Still, it was a satisfying conclusion to a season that was marked by a profound inertia, in that it really didn’t go anywhere special. Alright, since it’s about cheating, let’s look at all the infidelities we saw last night, and we’ll end with Don, just like the episode did.
Joan and Lane: Joan feels some sort of strange fidelity to Lane after he hung himself at the end of the last episode. The two always had a bond, even though she was always spurning his advances, and it’s thanks to him that Joan is now a partner in the ever-more-profitable firm in the first place. With Lane gone, Joan feels the need to vote on the side of financial discretion, putting their growing profits away for a rainy day rather than splurging on a new office to fit all the new employees that have been filtering in. We can also assume that Joan has taken over many of Lane’s old responsibilities, making her even more powerful and central to the success of the agency than ever before (and still a stickler for Robert’s Rules of Order). Joan is also looking rather matronly in her glasses with a chain (a favored accessory of the dearly departed Ida Blankenship, the old crone who used to live a wild sexual existence). She’s gone from the office vamp to the head bitch in charge, and now that she’s slept with her last fat Jaguar executive, she’s not trying to be sexy for anyone anymore.
Later we see Joan agonizing over the $175,000 check SCDP gets for Lane’s “death benefit.” She goes against the ghost of Lane and decides that maybe taking over the empty office space above there is a good idea. (Roger even says to get more space than they need, betting that the firm will continue to be more successful.) After lying about getting more room for associates to Harry Crane (who is worried about the pole in the middle of his office), she takes the partners up there and marks where the staircase is going to be. All five principals — Joan, Don, Pete, Bert, and Roger — stare out of the windows into the bright daylight. This is the same position we saw Lane in before he decided (or maybe while he was deciding to kill himself). Does this mean it’s doom for Sterling Cooper Draper (Pryce) is doomed? I don’t know. But this office is their future and right now, the future is empty.

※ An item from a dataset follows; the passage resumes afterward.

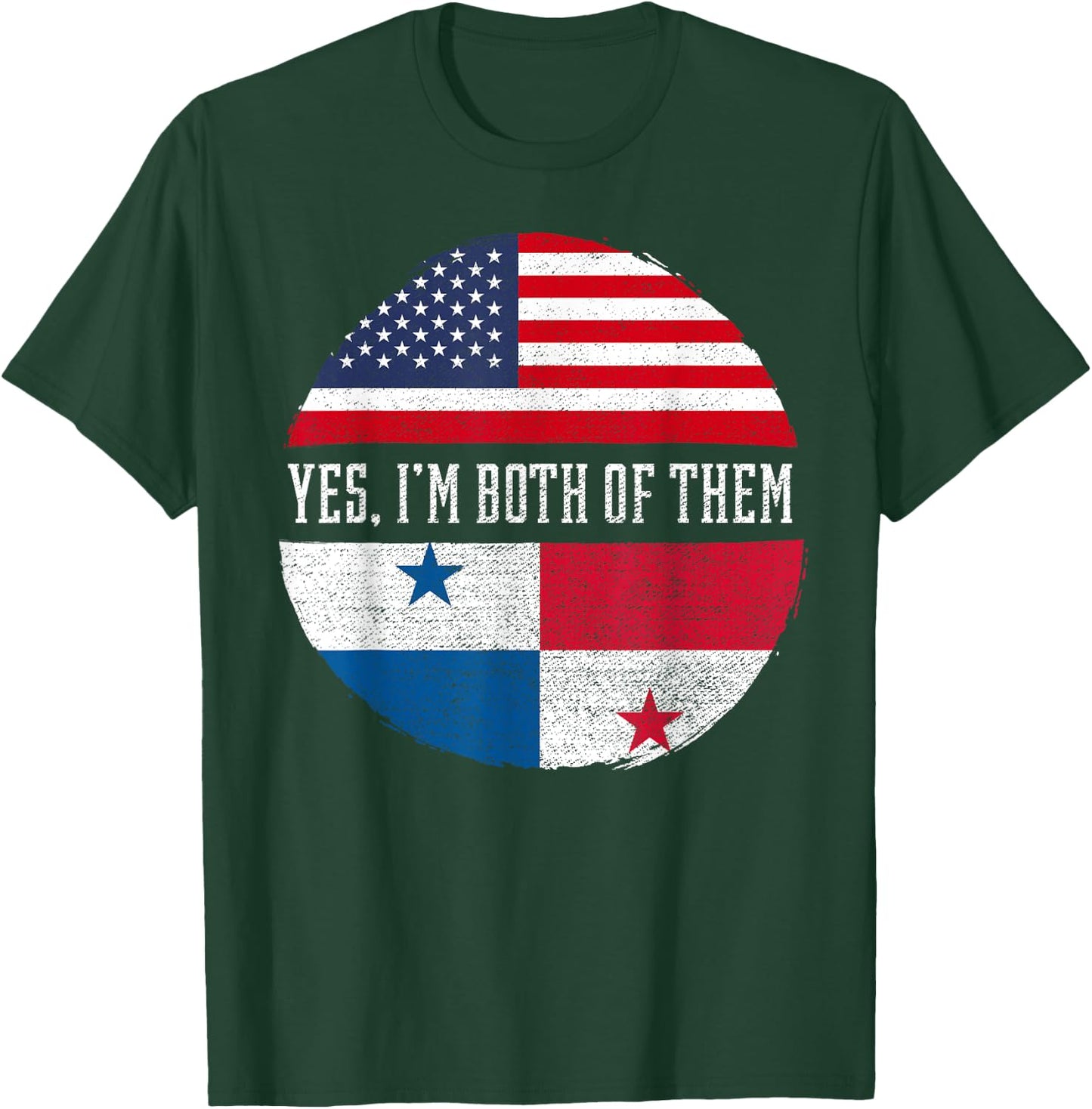 Half American Half Panamanian USA Flag Panama Heritage DNA T-Shirt - T-Shirt | Forest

Lane and His Wife: While Don is dealing with some serious Post-Traumatic Stress Disorder from Lane’s suicide and sees the ghost of his hanged brother everywhere, he feels a way to make himself feel better is to cut a $50,000 to Lane’s widow for the money he put into the firm to keep it afloat after Lucky Strike left. She takes the money (who wouldn’t) but she doesn’t let Don feel that much better about himself. She tells him that this their money anyway and this gesture isn’t nearly enough after “filling a man like that with ambition.” She blames the firm for his death, because it’s probably easier than blaming her husband. Don stays faithful to Lane’s memory and doesn’t tell his wife that he killed himself because he got caught embezzling.

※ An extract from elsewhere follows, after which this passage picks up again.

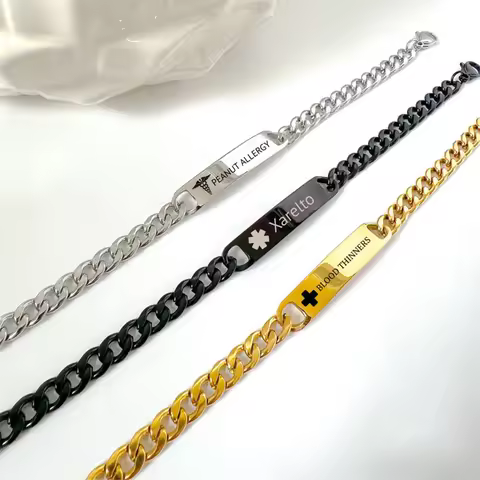 Custom Medical Alert Stainless Steel Bar Bracelet Personalized Medical Jewelry Customized Name Brace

The Widow Pryce also believes that Lane was cheating on her because she found the picture of a girl that he stole out of another man’s wallet. What’s ironic is that he got that picture when he found a man’s wallet in a cab and decided to “do the right thing” and return it to him, while having some sort of imaginary affair with the woman whose picture he found tucked away inside. He eventually did give the wallet back and never actually tried to sleep with the girl, but kept her picture as a sort of memento. Now that his wife has found it, his good deed has gone punished and the karma for stealing the photo has come back to him. What’s also ironic is that she thinks that Lane was actually sleeping with this woman when he’s far too cowardly to sleep with her in the first place.